# Opinions on solid state high voltage DC relays?



## mora (Nov 11, 2009)

I have bought about 10 of those and have burned 5 of them already. Those fail closed and you cannot easily identify whether it is on or not.

External heatsink is absolute requirement. I'll still give them a shot and try forced ventilation to see if those last more than one hour of continous use. Temperature switch could also be wired in series with low voltage wiring and glued inside the heatsink to automatically switch off the relay in case the heatsink gets too hot. I'd like to switch my DC/DC on and off using SSR too.

I use two of them to switch heating elements on and off. I have two 1500W elements behind each of those, total 4 elements. At 96V and 10A load per relay they seem to last longer than I can watch. But when I upped voltage to 144V loads rose to 20A per relay. They got pretty hot even with external heatsink and one failed after one hour of continous use. There is no sound that indicates failure. Indicator led just shuts off and output fails shorted. There is no connection between 12V and HV side after failure though. I opened one and those have lots of other components inside.

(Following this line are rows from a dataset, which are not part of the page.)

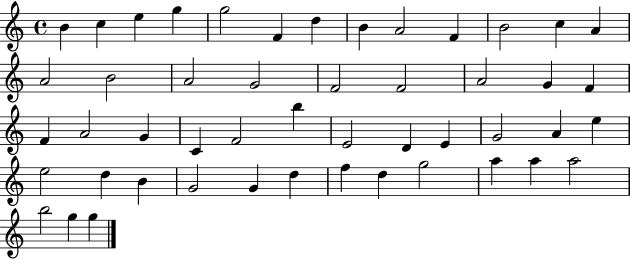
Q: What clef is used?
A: treble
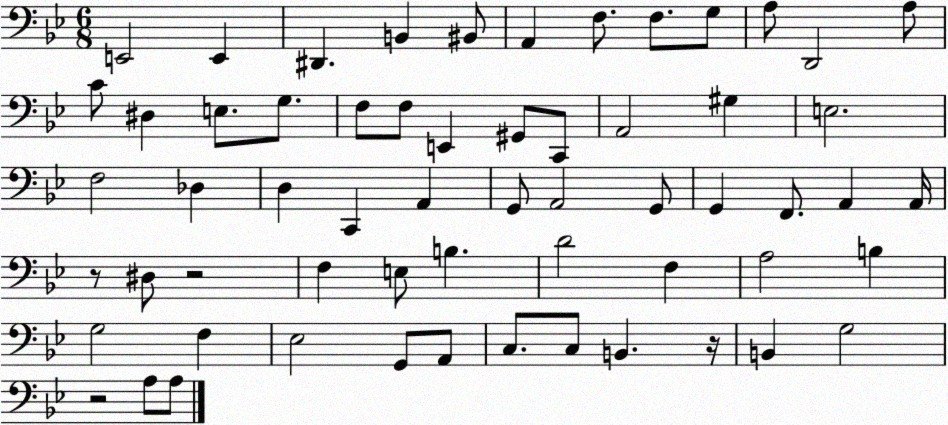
X:1
T:Untitled
M:6/8
L:1/4
K:Bb
E,,2 E,, ^D,, B,, ^B,,/2 A,, F,/2 F,/2 G,/2 A,/2 D,,2 A,/2 C/2 ^D, E,/2 G,/2 F,/2 F,/2 E,, ^G,,/2 C,,/2 A,,2 ^G, E,2 F,2 _D, D, C,, A,, G,,/2 A,,2 G,,/2 G,, F,,/2 A,, A,,/4 z/2 ^D,/2 z2 F, E,/2 B, D2 F, A,2 B, G,2 F, _E,2 G,,/2 A,,/2 C,/2 C,/2 B,, z/4 B,, G,2 z2 A,/2 A,/2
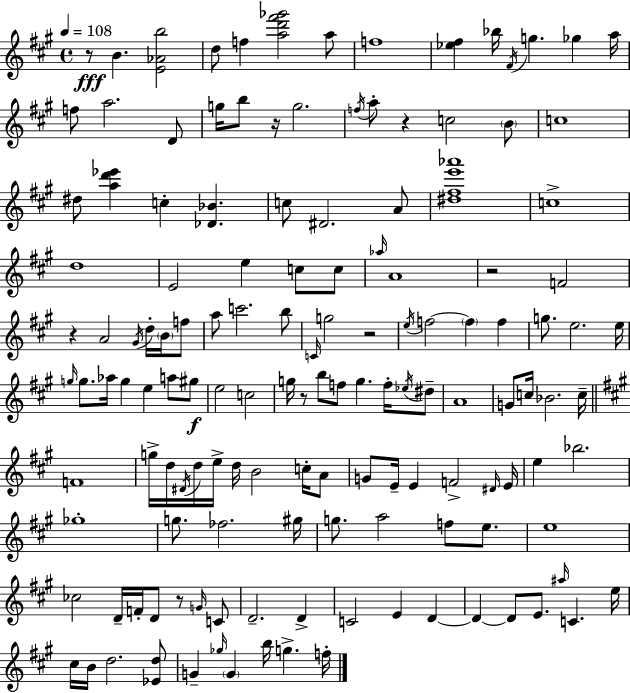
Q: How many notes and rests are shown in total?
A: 141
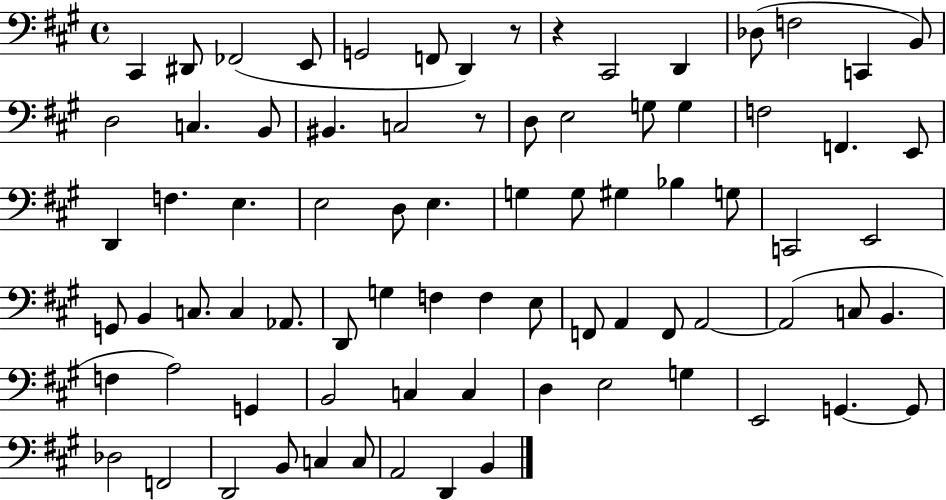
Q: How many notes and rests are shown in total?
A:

Those could be fine if placed under the hood and well ventilated area. I'd also like to try how they behave when driven with 24V or more. Controlling them with 5V resulted similar failure as described above in less than 5 minutes. Same setup, 96V and 10A load.


----------



## Guest (Feb 9, 2012)

Was told they usually fail on but if you use your setup within the amperage rating and the inrush currents are under the rated amps then I am sure these are quite fine. But if you have inrush currents higher than the rated amps into the relay then you might cause it to fail over a short time and it will from what I have read, fail ON. Many air gap relays fail on too.

Pete


----------



## favguy (May 2, 2008)

Thanks guys, I must admit, I'm not liking them much so far!


----------



## tomofreno (Mar 3, 2009)

favguy said:


> Hi all,
> 
> I'd appreciate opinions on, or if anyone has any experience of this type of relay:
> 
> ...


 There seems to be a range of quality depending on manufacturer. I've been using a Magnecraft W6212DDX-1, 10A 2-32VDC input, 200VDC output for over two years now for connecting my DC/DC to the pack with the input wired through the ignition switch. I am not too concerned with failure in this case, as it would just leave my DC/DC connected with the key off, which I would see because my TBS gauge reads zero current with key off, and about 1.7A with key on and DC/DC and a small fan on. I use a 120VDC P&B DPDT mechanical relay I purchased from kta-ev for my heater. It looks like if you have higher pack voltage you need to go to a contactor for a mechanical switch, as I haven't found any higher voltage relays than the P&B. If you have the fuse for the heater where it is easily accessible I suppose you could always pull it if the ssr fails closed.


----------



## skooler (Mar 26, 2011)

Hi Favguy,

Not a direct answer but...

http://www.ebay.co.uk/itm/Kilovac-E...t=BI_Control_Systems_PLCs&hash=item43acaad0af

Cheers,

Mike


----------



## favguy (May 2, 2008)

Hi Mike,

Yeah, I'm familiar with the EV200, I've got one for the main contactor, just seems a bit overkill for the heater!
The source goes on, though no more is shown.